EXERCISE BRIEF
What is needed is an exact copy of the lines from the one containing "Photo of ⭐️ Dino ⭐️" through the last line of the records below, with no pictures.

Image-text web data
※
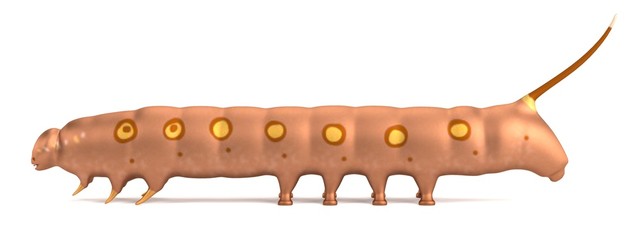 realistic 3d render of caterpillar
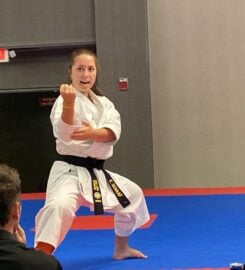 Ultimate Martial Arts Hudson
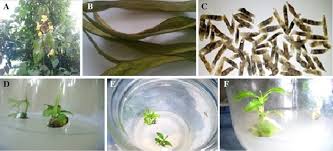 Image result for Markhamia tomentosa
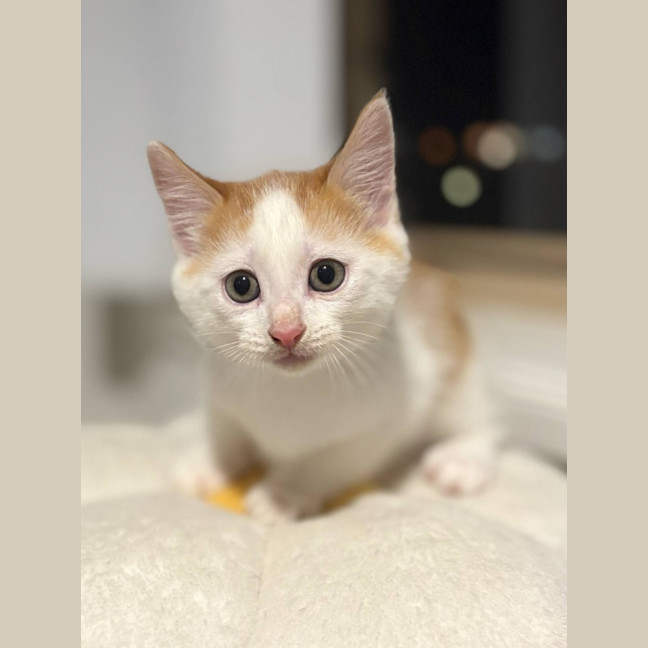 Photo of ⭐️ Dino ⭐️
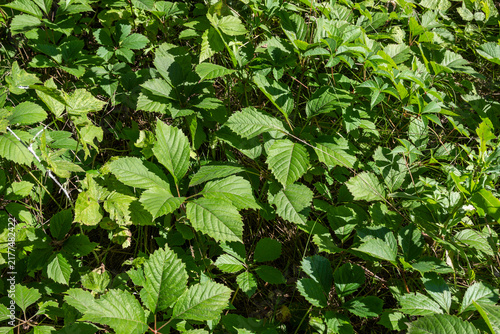 Plant background of climbing plants with large leaves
※
WRITTEN SOLUTION
 Photo of ⭐️ Dino ⭐️
 Plant background of climbing plants with large leaves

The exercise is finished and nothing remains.